For an implicit interface, typically the address of the first element is passed [1]. In the callee, the procedure then adds an offset depending on how the array dummy argument is declared. E.g. if the array dummy argument is declared somearray(-10:10), then a reference to somearray(x) is calculated as
address_of_first_element_passed_in_to_the_procedure + x + 10
If the procedure has an explicit interface, typically an array descriptor structure is passed rather than the address of the first element. In this structure, the callee can find information on the bounds of each dimension and, of course, a pointer to the actual data, allowing it to calculate the correct offset, similarly to the case of an implicit interface.
[1] Note that this is the first element in memory, that is, the lowest index for each dimension. Not somearray(1) regardless of how the array was declared.
To answer your updated question, for C/Fortran interoperability, use the ISO_C_BINDING feature which is nowadays widely available. This provides a standardized way to pass information between C and Fortran.
If the dummy argument for a regular array in Fortran is declared A(:) (or with more dimensions), the SHAPE is passed, not the specific index range. So the procedure will default to one-indexing. You can override this with a declaration in the procedure of A(-10:), or A(StartIndex:), where StartIndex is another argument.

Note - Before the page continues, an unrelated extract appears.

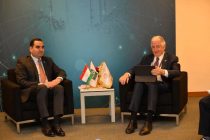 Tajikistan and the Discuss Programs and Mechanisms to Support Business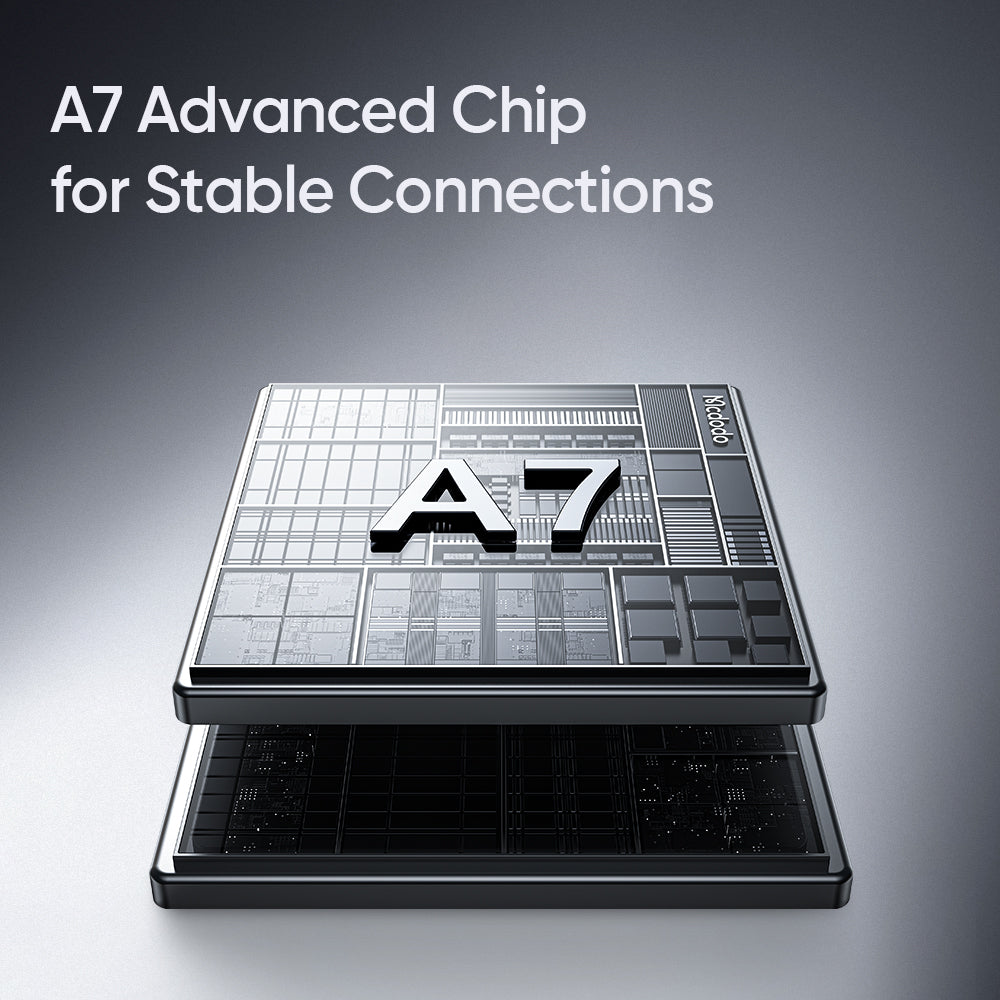 Adaptor Carplay Wireless McDodo CA-7210 pentru Apple iPhone Series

Fortran pointers do include the index range, but the passing mechanism will be compiler dependent. Code interfacing this to C is likely to be OS & compiler dependent. As already suggested, I'd use a regular array and the ISO C Binding. It is MUCH easier than the old ways of figuring out the compiler passing mechanisms and standard and portable. If you have a large existing Fortran code, you could write a "glue" Fortran procedure that maps between the regular Fortran variable declarations and the ISO C Binding names. While they types will have formally different names, in practice they will be the same if you select the correct ISO C types. The ISO C Binding has been available for many years now -- can you upgrade the compiler on the problem target platform? If not, I'd use a regular Fortran array and either use zero-indexing on the C-side, or explicitly pass as arguments the desired indices.
There are examples of ISO C Binding usage on other Stack Overflow questions.
The interface to a procedure is explicit if it is declared so that it is known to the compiler in the caller. The simplest way it to place the procedures in a module and "use" the module in the caller. Having explicit interfaces helps avoid bugs since the compiler can check consistency between arguments of the caller and callee. It is a little bit like C header files, only easier.